All these are inconsequential details really, let’s just focus on getting back to the boat whichever way we can!!!
It was a challenge, the crays had plenty of fight in them, one of them had managed to hook up my glove and partly turn himself around on my hand.  He proceeded to start pushing one of his killer claws through my glove and between the knuckles of my index and middle finger on my left hand, there is still a small scar and indentation there to this day… It took very little time for blood to start pouring from my gloved hand or at least what was left of the glove on the said hand. I managed to shake the cray off, he had won the battle, he was free to live another day and escape the pot. Little did I know that the biggest challenge was yet to come.
Soon we were back at the anchor, Mad still had 5 crays, I had 4, I knew that I was in for some stick when getting back on the boat!
Suddenly as we looked at each other and nodded to begin our ascent, a shadow came over us, a bloody big shadow at that as well!  It was a female great white, about 6.5mts long with a girth the size of a Volksy!
She looked peaceful as she turned to inspect us again, the coldness of her black eyes far too close to mine for comfort.
I made the decision to release the cray from my right hand, and Mad and I began to ascend back to back looking out into the blue, above and below us.
We were well within the no deco limits (thank god) but still needed to do some form of a safety stop… (only a very short one). Upon reaching the surface, I inflated my BC, took it off in the water and literally leapt into the boat.  The Mad One was behind me, casual as ever, requesting that I take the 2 crays from his hands prior so that he could get his gear off, which I did, he casually got his gear off, stepped into the boat, as I hooked up the kits with the boat hook.  The Mad One then started laughing at me, he was hysterical, his laughter was broken up by such comments as “Soft” and other sorts of expletives not acceptable for this newsletter.
I was trying to remain serious in light of our encounter.  I had seen sharks before, but nothing that big!
And still the laughter went on.  The name calling was now being accentuated by the Mad one blowing me kisses off a limp wrist…
When Mad Des finally regained composure he explained to me why he didn’t freak out, why he did his ascent totally un-flapped by the event of having this monster fish with monster teeth swim past us…

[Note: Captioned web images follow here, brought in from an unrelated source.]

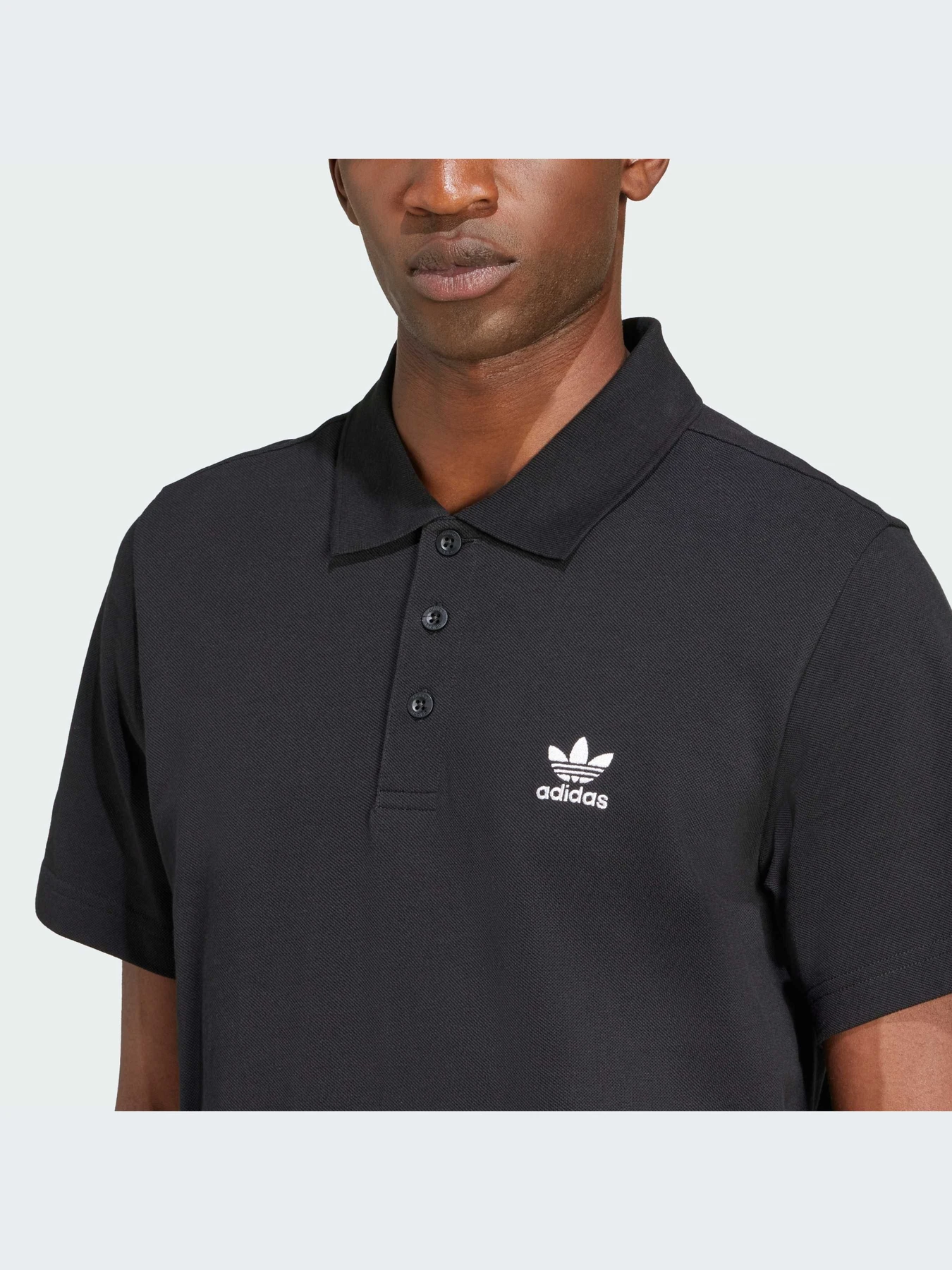 Футболки и поло Adidas модель JD2439-KZ Футболки и поло Adidas модель JD2439-KZ Фото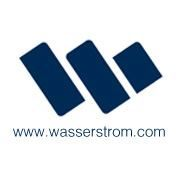 The wasserstrom company
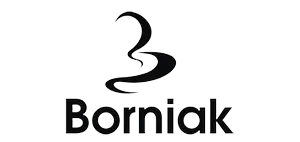 Producent Wędzarni Borniak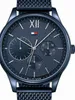 Tommy Hilfiger Herrenuhr Sophisticated Sport 1791421 Produktbild-Vorschau 3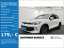 Volkswagen Tiguan 2.0 TDI DSG Life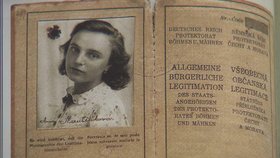 Říha zemřel v koncentráku Mathausen v říjnu 1942, Anna o půl roku později v táboře Mühlhausen.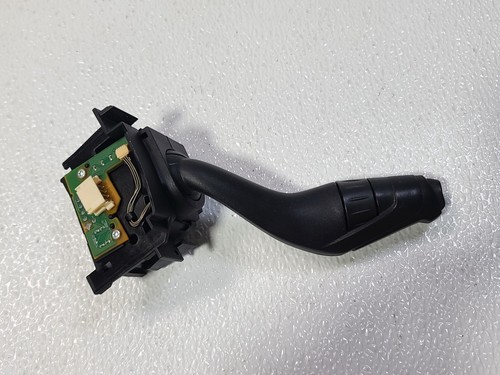 Ford max cmax steering - ford,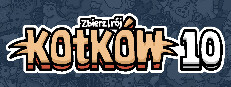 Zleciłem wykonanie kilku kotków 10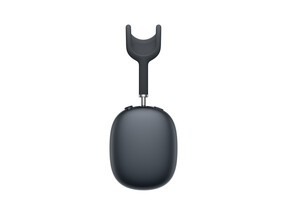 Apple AirPods Max, mitternacht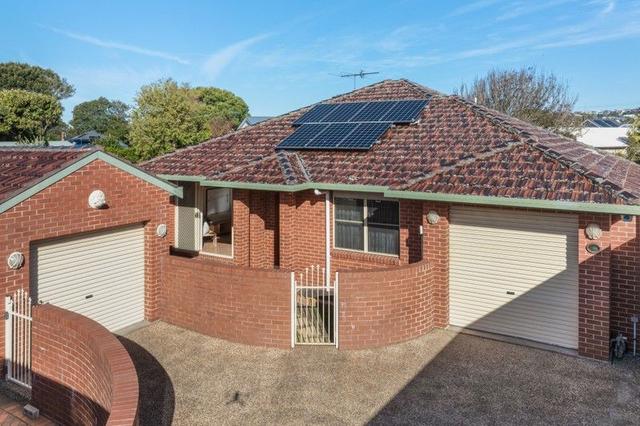 115A Jenner Parade, NSW 2303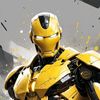 aironman2
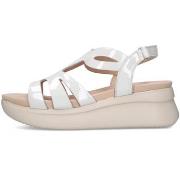 Sandalen CallagHan 29927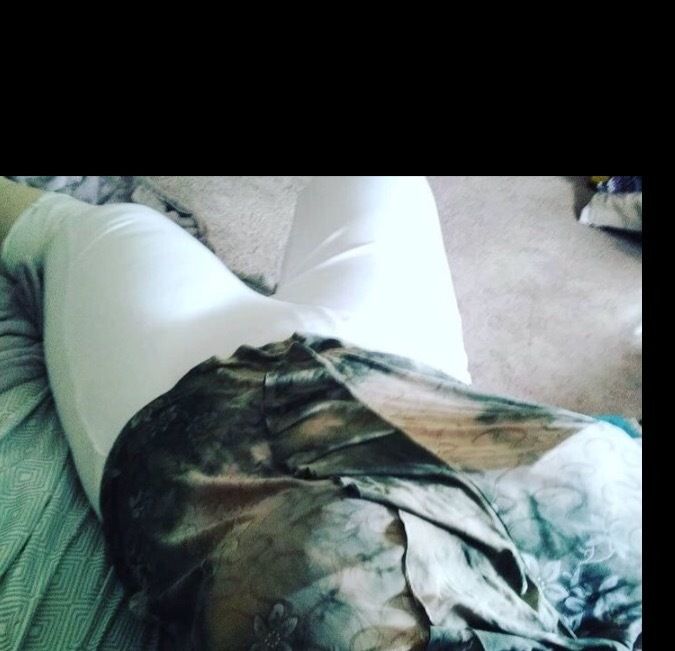u168567736 OnlyFans profile picture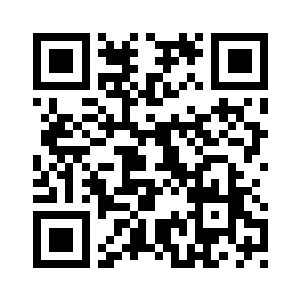 脑海中闪过了许许多多的画面二维码生成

He reasoned it out like this:
“ Big Huh?” to which I said “Big is not the word I would use but I’ll start with that and work my way up!”
“ What does that tell you Xavier?”  “That the beast is bloody good at killing stuff” was my response, “ Exactly he said, she knows how and where to get a feed and if we were on the menu, today’s diver would be tomorrow’s shark poo!” (he didn’t use the word poo, but I’m keeping it clean)
It all made sense as I looked to the Island of North Page, home to a colony of up to 400 seals and as I thought of the amount of fish life down there…. big fish life at that as well.
The Pages was the land of the giants –  and still is.  Big boulders, big corals, big fish, big crays, and even bigger great whites.
The remaining 3 crays in my catchbag would keep my parents off my back and stop them from continuously nagging me about me never bringing home anything worthwhile!
The lesson:  1.  Humans are not the target food of sharks, if they were, I wouldn’t be here.  2.   Mad Des has a sick sense of humour. 3.  All creatures great and small have a place on our planet (especially crayfish and dinner plates).